If you have personally identifiable information (PII) about a Massachusetts resident, such as a first and last name, then you have to encrypt that data on the wire and as it’s persisted. Sending PII over HTTP instead of HTTPS? That’s a big no no. Storing the name of a customer in SQL Server without the data being encrypted?  No way, Jose. You’ll get a fine of $5,000 per breach or lost record. If you have a database that contains 1,000 names of Massachusetts residents and lose it without the data being encrypted that’s $5,000,000. Yikes.

The idea is good (yay – better security for anyone registering on a website) and bad (expensive). As a consultant in a country not covered by the law I could care less, but is this in general a good idea? Securing data and sending sensitive information across secure connections is always a good idea, and it could hit the EU soon. Documenting how you secure the Personally Identifiable Information (PII)? Who can argue with that being a good idea? As an IT consultant you won’t hear me cry myself to sleep.

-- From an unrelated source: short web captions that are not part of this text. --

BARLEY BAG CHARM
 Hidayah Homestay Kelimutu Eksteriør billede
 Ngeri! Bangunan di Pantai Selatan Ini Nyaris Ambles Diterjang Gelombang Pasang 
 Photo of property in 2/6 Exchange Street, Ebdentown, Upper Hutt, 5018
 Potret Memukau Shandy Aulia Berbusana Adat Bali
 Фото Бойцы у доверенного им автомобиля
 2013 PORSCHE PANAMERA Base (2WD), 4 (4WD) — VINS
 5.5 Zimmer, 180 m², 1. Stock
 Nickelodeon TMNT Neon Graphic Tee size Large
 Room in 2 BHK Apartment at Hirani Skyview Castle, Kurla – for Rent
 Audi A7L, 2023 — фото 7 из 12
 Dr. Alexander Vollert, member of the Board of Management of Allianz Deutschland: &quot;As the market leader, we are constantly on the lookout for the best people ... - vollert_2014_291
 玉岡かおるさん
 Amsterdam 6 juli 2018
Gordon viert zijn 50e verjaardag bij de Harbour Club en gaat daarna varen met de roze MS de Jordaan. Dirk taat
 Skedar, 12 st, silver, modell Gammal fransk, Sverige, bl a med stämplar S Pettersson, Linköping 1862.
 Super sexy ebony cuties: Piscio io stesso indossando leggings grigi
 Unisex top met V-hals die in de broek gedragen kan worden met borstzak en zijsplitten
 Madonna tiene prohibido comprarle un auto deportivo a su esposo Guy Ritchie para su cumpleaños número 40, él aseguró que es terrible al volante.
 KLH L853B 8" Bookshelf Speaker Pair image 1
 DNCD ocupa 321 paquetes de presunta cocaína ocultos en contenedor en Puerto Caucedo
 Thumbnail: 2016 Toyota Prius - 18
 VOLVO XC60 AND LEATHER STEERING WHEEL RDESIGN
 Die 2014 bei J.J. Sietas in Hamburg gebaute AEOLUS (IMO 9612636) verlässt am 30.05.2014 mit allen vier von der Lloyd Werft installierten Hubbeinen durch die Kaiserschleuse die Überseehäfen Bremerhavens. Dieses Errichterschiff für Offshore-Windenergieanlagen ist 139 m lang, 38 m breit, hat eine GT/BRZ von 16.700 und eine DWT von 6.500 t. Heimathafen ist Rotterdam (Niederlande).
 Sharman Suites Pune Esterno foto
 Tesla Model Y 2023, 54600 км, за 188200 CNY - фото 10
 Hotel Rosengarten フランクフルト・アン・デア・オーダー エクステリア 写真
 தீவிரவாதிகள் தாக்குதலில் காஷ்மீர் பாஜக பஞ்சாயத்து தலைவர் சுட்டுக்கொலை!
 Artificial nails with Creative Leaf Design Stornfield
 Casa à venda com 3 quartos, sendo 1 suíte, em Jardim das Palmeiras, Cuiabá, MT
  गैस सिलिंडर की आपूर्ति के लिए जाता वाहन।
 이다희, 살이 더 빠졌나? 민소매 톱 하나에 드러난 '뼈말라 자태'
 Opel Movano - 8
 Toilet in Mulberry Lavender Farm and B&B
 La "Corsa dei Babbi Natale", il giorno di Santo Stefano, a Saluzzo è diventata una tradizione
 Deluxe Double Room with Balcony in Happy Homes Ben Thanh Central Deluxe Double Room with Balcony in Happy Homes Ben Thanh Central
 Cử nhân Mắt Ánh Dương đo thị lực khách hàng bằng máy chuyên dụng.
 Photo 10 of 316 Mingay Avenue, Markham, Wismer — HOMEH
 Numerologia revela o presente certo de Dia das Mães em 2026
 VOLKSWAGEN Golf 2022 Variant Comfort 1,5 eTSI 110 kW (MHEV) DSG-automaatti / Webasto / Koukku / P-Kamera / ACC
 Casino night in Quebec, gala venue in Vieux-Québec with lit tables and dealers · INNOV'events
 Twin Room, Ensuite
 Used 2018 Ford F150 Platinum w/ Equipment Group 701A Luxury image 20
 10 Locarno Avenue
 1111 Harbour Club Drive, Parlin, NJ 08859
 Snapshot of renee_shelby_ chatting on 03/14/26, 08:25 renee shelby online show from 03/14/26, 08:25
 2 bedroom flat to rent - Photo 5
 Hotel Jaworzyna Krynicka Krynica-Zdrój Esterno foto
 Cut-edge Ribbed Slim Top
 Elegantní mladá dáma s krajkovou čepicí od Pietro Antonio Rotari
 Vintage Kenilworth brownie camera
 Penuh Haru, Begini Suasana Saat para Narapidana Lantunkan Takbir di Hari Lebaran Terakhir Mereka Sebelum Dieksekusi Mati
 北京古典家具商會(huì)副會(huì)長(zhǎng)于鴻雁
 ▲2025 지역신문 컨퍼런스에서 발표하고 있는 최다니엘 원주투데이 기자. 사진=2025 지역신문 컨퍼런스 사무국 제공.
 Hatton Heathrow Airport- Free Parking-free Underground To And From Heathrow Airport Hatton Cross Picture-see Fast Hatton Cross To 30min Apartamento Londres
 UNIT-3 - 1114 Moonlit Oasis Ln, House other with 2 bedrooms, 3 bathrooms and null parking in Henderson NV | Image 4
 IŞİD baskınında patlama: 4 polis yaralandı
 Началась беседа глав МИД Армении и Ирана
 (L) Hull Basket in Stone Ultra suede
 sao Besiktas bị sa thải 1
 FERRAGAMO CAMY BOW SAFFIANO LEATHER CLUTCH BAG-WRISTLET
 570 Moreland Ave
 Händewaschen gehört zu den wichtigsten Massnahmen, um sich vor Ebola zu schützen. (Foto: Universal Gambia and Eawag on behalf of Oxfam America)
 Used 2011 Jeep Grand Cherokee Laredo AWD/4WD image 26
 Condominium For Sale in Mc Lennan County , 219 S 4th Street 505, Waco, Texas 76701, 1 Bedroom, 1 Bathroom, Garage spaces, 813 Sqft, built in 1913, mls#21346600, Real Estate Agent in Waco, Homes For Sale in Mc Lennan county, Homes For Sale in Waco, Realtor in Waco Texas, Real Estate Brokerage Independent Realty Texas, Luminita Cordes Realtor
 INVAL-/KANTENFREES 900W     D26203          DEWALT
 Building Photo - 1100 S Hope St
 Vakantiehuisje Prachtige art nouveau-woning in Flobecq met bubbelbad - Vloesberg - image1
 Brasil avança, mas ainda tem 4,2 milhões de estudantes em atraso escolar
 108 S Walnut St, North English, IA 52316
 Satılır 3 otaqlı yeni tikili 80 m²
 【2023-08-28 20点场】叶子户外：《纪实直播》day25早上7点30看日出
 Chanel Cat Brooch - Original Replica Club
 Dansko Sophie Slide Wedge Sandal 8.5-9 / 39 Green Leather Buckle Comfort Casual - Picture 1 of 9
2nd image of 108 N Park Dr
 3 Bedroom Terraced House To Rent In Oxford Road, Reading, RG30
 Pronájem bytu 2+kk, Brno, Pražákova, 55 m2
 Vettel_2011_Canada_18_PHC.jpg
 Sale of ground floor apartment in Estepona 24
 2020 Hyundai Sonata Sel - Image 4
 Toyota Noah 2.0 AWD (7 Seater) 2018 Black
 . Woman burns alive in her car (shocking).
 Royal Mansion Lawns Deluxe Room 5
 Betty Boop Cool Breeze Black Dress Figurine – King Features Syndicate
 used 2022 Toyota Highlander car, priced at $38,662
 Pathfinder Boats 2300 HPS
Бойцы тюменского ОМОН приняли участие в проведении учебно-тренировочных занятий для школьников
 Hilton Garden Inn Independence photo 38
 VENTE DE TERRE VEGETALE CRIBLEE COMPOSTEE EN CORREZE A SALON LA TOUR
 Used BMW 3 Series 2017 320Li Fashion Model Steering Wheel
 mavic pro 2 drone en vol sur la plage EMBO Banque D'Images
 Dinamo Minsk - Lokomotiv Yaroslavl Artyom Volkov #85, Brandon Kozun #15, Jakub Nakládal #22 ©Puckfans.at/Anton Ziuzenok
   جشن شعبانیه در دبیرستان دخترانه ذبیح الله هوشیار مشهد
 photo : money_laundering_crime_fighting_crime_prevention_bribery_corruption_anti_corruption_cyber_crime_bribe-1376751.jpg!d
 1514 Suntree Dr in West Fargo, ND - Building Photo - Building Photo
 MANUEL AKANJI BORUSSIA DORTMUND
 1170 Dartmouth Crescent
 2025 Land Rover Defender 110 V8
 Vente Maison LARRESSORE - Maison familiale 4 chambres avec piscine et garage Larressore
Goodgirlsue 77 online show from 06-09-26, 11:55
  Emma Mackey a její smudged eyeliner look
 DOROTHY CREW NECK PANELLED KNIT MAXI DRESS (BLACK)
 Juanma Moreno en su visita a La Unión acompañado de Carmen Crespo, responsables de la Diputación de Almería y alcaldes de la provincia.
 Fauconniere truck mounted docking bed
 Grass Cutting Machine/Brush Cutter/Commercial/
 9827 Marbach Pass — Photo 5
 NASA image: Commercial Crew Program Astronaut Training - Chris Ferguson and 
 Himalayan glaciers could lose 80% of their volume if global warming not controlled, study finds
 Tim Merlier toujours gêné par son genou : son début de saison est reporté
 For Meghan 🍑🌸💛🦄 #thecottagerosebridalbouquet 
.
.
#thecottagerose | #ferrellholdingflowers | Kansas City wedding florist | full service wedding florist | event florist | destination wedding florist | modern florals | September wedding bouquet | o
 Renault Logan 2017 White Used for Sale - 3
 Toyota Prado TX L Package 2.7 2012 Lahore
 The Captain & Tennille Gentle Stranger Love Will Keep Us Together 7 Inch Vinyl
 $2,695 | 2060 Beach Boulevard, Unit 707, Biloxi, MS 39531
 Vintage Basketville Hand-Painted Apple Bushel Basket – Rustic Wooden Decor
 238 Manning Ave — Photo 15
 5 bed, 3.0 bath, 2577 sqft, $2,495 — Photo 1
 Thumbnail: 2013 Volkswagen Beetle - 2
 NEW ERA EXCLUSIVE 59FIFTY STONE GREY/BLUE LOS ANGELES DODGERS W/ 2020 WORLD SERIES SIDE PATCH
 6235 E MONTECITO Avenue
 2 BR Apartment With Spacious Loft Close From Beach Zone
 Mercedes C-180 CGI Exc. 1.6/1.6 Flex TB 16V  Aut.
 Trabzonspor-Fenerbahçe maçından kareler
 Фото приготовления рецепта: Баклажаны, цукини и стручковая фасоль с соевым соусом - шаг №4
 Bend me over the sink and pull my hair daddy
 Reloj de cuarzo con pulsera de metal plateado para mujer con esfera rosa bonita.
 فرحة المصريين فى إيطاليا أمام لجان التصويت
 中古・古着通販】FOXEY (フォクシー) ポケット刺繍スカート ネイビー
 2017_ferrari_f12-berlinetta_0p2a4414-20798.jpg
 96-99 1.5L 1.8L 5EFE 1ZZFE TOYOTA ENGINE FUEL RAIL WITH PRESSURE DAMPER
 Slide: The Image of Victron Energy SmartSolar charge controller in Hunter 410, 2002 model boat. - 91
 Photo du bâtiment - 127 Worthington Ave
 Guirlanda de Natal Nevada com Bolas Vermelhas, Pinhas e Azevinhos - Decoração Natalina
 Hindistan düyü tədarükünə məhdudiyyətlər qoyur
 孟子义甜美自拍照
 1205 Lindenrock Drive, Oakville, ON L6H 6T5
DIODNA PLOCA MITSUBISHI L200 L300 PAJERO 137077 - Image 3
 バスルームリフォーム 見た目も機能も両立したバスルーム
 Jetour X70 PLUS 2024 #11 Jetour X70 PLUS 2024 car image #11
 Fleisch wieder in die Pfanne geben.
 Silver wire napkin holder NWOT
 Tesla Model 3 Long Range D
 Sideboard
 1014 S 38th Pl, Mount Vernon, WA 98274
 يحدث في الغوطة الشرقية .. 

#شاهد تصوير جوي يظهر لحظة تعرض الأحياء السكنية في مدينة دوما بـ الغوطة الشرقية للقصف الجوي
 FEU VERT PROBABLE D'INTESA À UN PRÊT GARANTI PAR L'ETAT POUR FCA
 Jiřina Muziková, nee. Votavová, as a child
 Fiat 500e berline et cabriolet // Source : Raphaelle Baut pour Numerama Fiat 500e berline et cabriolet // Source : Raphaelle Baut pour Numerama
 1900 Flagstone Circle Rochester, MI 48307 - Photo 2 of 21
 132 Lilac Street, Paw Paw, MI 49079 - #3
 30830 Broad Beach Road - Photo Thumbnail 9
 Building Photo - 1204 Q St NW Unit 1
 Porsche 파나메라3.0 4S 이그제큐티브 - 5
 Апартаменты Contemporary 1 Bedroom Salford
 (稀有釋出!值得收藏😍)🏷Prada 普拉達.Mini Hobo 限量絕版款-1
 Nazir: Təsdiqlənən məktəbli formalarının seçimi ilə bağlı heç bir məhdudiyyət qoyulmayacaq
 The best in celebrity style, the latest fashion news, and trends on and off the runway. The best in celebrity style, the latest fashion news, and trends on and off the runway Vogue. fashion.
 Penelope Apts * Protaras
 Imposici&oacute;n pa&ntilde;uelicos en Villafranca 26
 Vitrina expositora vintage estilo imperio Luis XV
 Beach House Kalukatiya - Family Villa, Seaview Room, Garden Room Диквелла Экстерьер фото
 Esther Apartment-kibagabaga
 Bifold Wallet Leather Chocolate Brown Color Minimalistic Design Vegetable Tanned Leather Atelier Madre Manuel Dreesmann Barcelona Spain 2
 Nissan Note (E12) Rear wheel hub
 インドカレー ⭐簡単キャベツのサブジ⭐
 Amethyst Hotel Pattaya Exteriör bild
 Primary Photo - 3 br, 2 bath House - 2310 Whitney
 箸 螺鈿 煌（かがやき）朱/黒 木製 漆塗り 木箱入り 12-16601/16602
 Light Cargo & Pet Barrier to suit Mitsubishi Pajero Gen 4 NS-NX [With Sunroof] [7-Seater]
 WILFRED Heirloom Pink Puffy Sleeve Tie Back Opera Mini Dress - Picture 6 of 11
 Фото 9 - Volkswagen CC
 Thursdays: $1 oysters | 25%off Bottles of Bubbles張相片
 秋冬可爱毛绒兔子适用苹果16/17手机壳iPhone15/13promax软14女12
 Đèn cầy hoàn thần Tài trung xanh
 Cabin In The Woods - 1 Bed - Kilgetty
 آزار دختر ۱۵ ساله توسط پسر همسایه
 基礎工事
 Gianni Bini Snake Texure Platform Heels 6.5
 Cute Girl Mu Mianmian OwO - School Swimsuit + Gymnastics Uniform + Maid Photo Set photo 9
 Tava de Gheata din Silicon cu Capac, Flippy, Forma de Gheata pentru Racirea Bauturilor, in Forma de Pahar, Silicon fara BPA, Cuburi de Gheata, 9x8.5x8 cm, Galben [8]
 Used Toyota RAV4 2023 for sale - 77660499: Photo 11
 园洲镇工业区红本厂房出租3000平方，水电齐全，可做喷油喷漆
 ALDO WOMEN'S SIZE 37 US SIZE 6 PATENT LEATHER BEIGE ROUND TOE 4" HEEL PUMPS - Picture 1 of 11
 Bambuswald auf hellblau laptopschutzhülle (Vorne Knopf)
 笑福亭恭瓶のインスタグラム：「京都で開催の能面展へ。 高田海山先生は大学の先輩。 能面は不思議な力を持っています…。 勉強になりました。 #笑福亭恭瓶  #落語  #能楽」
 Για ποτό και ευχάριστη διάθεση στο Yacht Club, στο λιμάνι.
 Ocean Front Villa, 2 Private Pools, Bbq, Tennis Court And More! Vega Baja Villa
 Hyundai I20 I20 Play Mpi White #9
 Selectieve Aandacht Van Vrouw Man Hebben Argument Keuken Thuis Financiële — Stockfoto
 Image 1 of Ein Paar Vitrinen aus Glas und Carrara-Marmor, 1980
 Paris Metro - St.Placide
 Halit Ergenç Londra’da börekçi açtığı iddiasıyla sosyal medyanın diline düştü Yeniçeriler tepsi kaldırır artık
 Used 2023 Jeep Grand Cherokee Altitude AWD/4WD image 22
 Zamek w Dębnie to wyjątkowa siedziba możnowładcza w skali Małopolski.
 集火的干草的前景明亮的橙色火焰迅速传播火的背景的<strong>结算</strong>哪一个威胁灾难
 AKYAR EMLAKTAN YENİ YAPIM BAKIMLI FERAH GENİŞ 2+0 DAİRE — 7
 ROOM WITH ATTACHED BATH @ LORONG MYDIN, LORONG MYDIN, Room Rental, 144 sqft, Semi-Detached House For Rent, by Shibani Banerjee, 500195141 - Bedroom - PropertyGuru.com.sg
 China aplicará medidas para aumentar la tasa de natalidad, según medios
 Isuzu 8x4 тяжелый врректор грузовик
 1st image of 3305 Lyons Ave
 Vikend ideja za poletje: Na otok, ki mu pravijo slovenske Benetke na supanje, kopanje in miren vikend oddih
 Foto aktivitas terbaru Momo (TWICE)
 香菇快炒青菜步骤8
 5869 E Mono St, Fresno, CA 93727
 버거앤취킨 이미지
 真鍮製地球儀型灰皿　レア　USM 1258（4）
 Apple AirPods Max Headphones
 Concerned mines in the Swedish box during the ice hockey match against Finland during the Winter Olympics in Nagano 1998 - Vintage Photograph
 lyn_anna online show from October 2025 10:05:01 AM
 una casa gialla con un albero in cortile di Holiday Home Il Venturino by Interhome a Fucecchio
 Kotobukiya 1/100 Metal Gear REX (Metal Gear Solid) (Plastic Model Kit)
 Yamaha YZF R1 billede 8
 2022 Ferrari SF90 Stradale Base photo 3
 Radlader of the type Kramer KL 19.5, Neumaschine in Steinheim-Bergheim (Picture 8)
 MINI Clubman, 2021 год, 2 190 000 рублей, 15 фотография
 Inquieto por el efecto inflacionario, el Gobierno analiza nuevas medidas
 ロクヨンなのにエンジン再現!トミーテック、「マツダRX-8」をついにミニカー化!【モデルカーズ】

But the proportions of the legislation seem unclear. If you log on to my website (securely of course), and I feed you the following pages through clear text HTTP – can I be fined if your name appear on the page as in “Reader XYZ is logged in”?

I guess so.

It strikes me that there is no level of sensitivity defined – anything considered personal must be secured. As a legislator, it seems very easy to do this when you don’t have to pick up the bill.

If this kind of legislation should hit Europe, I hope someone would elaborate a bit on the do’s and dont’s:

  • Are all kinds of data included? Can I be fined if you, as a Massachusetts citizen, post a comment to this and include your name? (the database is secured, but nothing is sent through HTTPS)
  • Would it make sense to allow users to wave their rights, and thereby allow users to work with online applications that are not 100% secure?